▶ **WORK TO BE COMPLETED**: In the data below, which lines hold "image"? Copy every one.

▶ **PROVIDED RECORDS**:
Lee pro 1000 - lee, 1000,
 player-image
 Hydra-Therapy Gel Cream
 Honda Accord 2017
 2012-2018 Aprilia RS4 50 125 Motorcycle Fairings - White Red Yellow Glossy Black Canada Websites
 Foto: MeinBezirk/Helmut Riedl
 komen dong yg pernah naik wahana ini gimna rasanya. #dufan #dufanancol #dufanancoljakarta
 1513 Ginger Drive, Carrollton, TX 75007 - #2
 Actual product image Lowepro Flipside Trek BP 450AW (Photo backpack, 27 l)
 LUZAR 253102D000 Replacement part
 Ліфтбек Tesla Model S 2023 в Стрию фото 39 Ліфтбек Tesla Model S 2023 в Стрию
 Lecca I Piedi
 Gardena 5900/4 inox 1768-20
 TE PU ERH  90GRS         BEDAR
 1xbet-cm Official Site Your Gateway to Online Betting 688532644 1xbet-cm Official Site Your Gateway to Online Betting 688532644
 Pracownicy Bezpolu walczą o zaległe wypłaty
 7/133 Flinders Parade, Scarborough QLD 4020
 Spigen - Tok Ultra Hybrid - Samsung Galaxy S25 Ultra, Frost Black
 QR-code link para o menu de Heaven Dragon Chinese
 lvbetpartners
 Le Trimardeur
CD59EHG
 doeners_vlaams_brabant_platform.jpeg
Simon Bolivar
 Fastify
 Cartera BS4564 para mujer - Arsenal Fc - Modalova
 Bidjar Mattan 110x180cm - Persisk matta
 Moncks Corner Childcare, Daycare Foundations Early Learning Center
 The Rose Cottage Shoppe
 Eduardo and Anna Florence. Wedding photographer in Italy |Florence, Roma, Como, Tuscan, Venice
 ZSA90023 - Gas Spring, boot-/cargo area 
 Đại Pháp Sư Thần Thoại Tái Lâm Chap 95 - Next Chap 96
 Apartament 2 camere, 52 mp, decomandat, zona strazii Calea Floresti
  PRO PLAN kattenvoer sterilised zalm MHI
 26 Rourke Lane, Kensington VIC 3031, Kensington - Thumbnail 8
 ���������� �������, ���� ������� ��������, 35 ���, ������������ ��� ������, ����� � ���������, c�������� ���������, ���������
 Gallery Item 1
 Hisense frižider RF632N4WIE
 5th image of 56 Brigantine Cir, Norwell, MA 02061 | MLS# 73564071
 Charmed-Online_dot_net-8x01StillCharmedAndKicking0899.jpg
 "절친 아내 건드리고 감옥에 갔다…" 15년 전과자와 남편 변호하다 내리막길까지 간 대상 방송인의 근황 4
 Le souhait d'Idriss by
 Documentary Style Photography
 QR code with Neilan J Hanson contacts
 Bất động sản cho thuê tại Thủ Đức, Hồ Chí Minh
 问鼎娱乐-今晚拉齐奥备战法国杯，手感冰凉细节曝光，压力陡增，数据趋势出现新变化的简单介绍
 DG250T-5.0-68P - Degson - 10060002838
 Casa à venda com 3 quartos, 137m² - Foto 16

▶ **FINISHED TASK**:
 player-image
 Actual product image Lowepro Flipside Trek BP 450AW (Photo backpack, 27 l)
 5th image of 56 Brigantine Cir, Norwell, MA 02061 | MLS# 73564071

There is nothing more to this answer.